I'm don't really understand what's the meaning of fractional derivative, neither where it apply in the nature. Nevertheless, I often see that formally for a Brownian motion, we use the notation $dB_t=(dt)^{1/2}$.
Q1) Does it mean that despite the fact that the Brownian motion has no derivative, it has a $\frac{1}{2}-$derivative ?
Q2) More generally, I know that if $F$ has bounded variation, then it's derivable a.e. So if $f$ has $p$-bounded variation (i.e. $$\lim_{n\to \infty }\sum_{a\leq t_0<t_1<...< t_n\leq b}|f(t_{i+1})-f(t_i)|^p<\infty,$$ but not $q-$bounded variation for all $q<p$, would it make sense to say that $df$ repreent the $\frac{1}{p}-$derivative of $f$ ? (i.e. $df=(dt)^{\frac{1}{p}}$).
Q3) Do you have an example of function that has quadric variation but is not of bounded variation on a compact set ? (in determinist case, i.e. not the Brownian motion).
I guess that in the definition of a function $f$ of bounded $p$-variation should be the condition $$\sup \sum_{a\leq t_0<t_1<...< t_n\leq b}|f(t_{i+1})-f(t_i)|^p<\infty.$$ At least so is for $p=1$. Also $f(t_i)$ should be defined for each $t_i$ in the sum. Below I’ll use this definition.
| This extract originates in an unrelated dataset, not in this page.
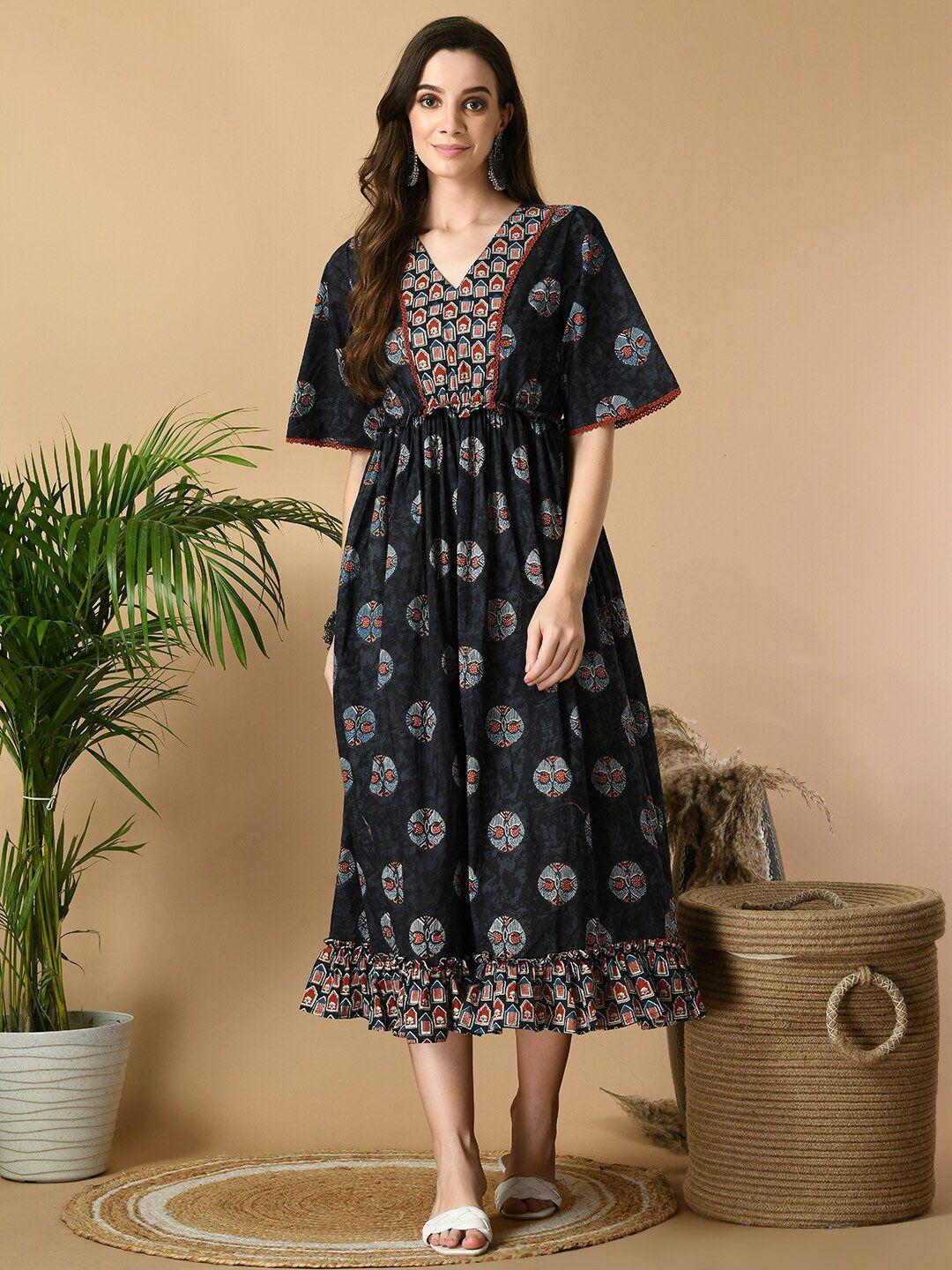 sangria black printed cotton ethnic dresses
Now about Q3. There exists a function $f$ continuous of $[0,1]$ such that variation of $f$ on $[0,1]$ is unbounded [LYB, p.338]. Namely, put $f(x)=x\cos\tfrac \pi{2x}$ for $0<x\le 1$ and $f(0)=0$. Given a natural $n$, put $$(t_0,t_1,\dots, t_k)=(0, \tfrac 1{2n},\tfrac 1{2n-1},\dots,\tfrac 12,1).$$ Then
$$\sum|f(t_{i+1})-f(t_i)|=1+\frac 12+\dots+\frac 1n\to\infty.$$
On the other hand, I conjectured that $2$-variation of $f$ on $[0,1]$ is bounded. I tried to prove this, but I found no easy way to do this. Maybe somebody will find it for this or an other similar function with unbounded variation.
References
[LYB] I. Lyashko, V. Yemel’yanov, O. Boyarchuk, Mathematical analysis, vol. 1, Kyiv, Vyshcha shkola, 1992 (in Ukrainian).